Crikey, not likely – unless politicians and officials start singing from the same hymn sheet on indigenisation and empowerment.

The much bragged-about Chinese ‘mega deals’ are still pie in the sky. As Pepsico – the original Pepsi Cola people now possibly the largest food processing company in the world, owners of Nabisco and many other global brands – put it when they were looking to invest in Zimbabwe, they didn’t get to where they are – beginning with selling Pepsi Cola in China during Richard Nixon’s era of so-called ping-pong diplomacy – by giving away 51 percent of the business.

One foreign investor – admittedly a ‘carpet-bagger’ who wanted to get into Zimbabwe when the economy is on its knees and he could pick up assets that are going begging – has spent six weeks in his hotel, waiting to see ministers and officials who would allow him to bring his money to Harare. He gave up and went to Burkina Faso where he was met at the airport by an official car, there were pencilled alterations to his emailed project proposal which he was asked to look at by noon the next day; by the close of business that day the deal was retyped and signed to everyone’s satisfaction.

At the Harare airport the other day, an Arab investor with oodles of money was turned away because of a perceived irregularity on his visa.

The Mo Ibrahim African Leadership Foundation, in its latest economic report, noted  that Zimbabwe now has about 700,000 people in formal employment – about the same as in 1968, 12 years before independence. For reasons of uncompetitiveness, neglect and, more recently,  severe electricity and water cuts, industry is running at 34 percent of its former capacity. Thus, conservatively, 66 percent of the industrial workforce has been laid off.

Industry minister Mike Bhima must be barking up the wrong tree when he says a new National Competitiveness Commission can help turn this around.

The latest World Economic Forum Global Competitiveness Index put Zimbabwe right down at rank 125 out of 140 countries listed, but up from 131 in the 2013-14 index.
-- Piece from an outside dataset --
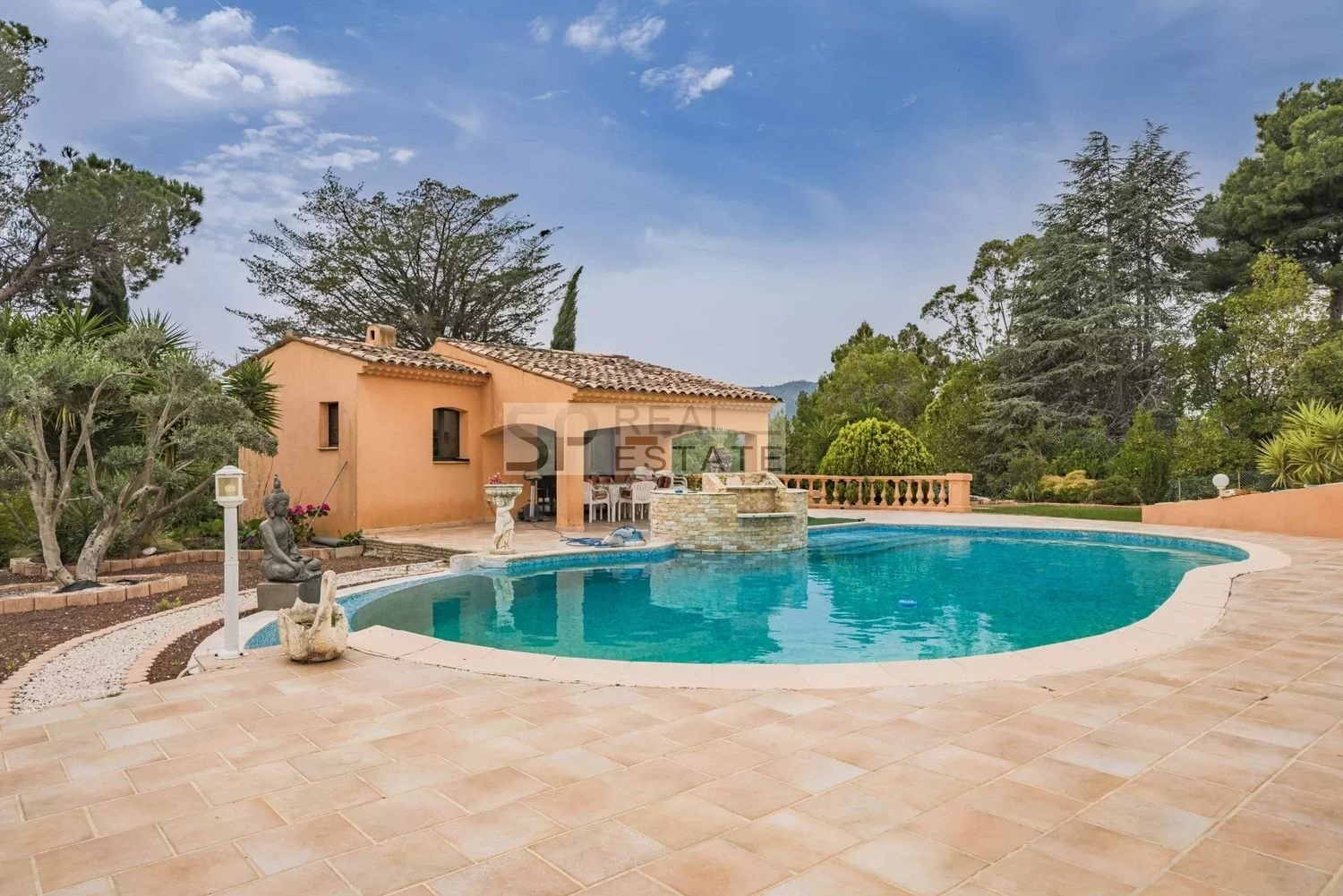 Maison à vendre, 195m², Cannes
Whoopee. In the 2015-16 index, Zimbabwe climbed above violence-plagued Pakistan, Mali, confronting Islamic militants, Swaziland, Liberia, Madagascar and Myanmar, the former military dictatorship of Burma, now ranked in the 131st spot.

Myanmar’s new purges against the minority Muslim Rohingya have led to the largely overlooked ‘boat people’ refugee emergency, worse in most respects of suffering and death than what is being seen in the Mediterranean and elsewhere.
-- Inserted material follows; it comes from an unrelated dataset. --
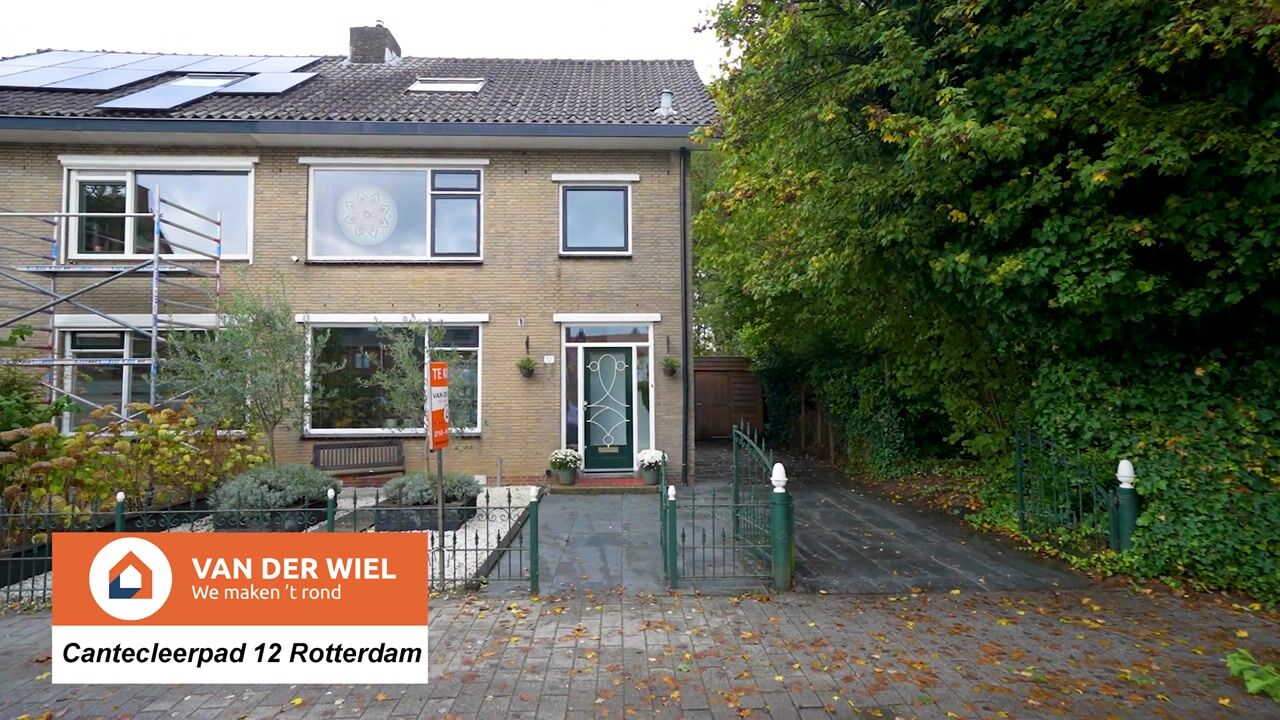 Video of Cantecleerpad 12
Even democrat Aung San Suu Kyi is in a bind now; she can’t speak up for the Rohingya minority without alienating majority Buddhist voters in general elections next week.

Nor will the West. There’s too much offshore oil and natural gas still to be exploited off the Myanmar coast, waiting to lift the country up the competitiveness index next time around and end its dependence on heroin exports that made the rich richer and the poor poorer.

It’s a great pity, then, that Zimbabwe’s diamonds have been pillaged and there’s not much left to get competitive about.